[INFORMATION SUPPLIED]
--*--

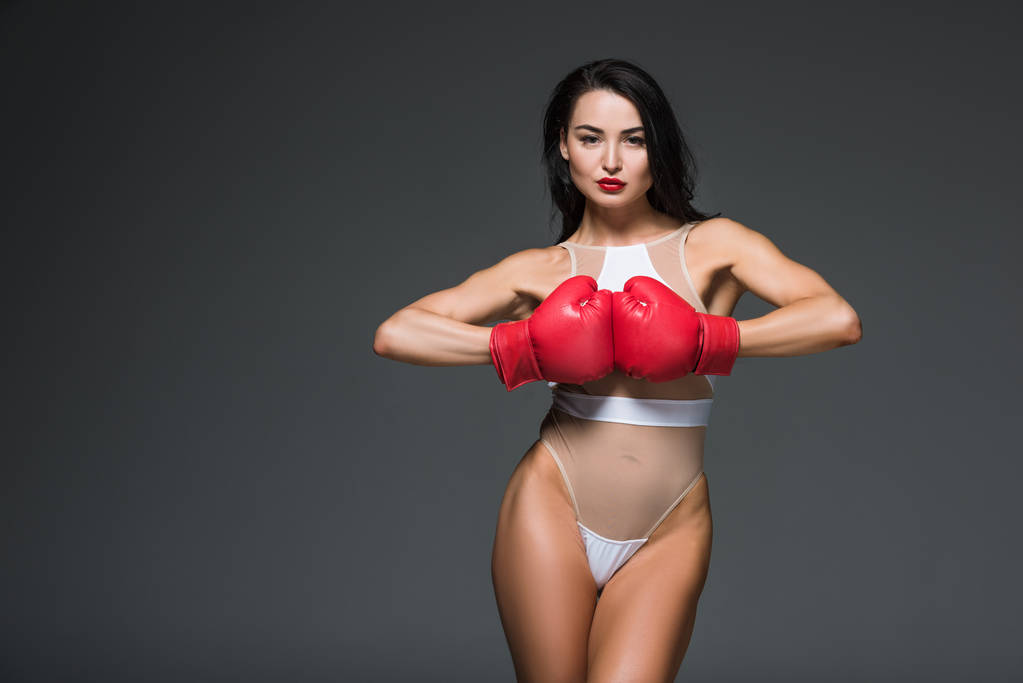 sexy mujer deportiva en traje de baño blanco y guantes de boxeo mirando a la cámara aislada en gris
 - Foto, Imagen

--*--

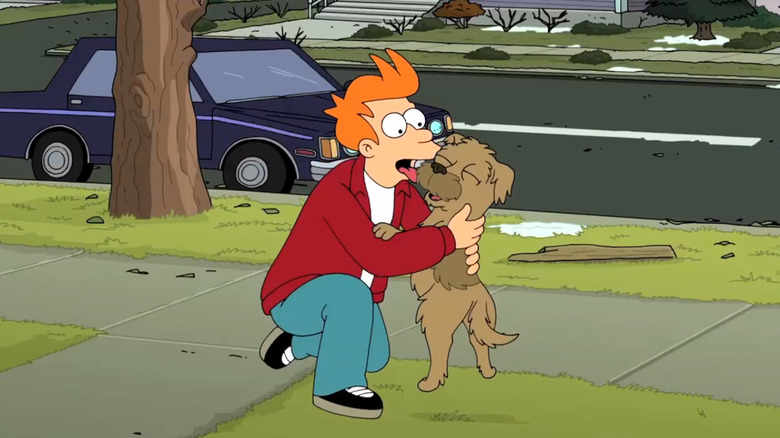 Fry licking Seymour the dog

--*--

[TASK STATEMENT] Extract, without any images, the part of the material above that opens with the line containing "sexy mujer deportiva" and closes with the line containing "- Foto, Imagen", both lines included.

[RESULT]
 sexy mujer deportiva en traje de baño blanco y guantes de boxeo mirando a la cámara aislada en gris
 - Foto, Imagen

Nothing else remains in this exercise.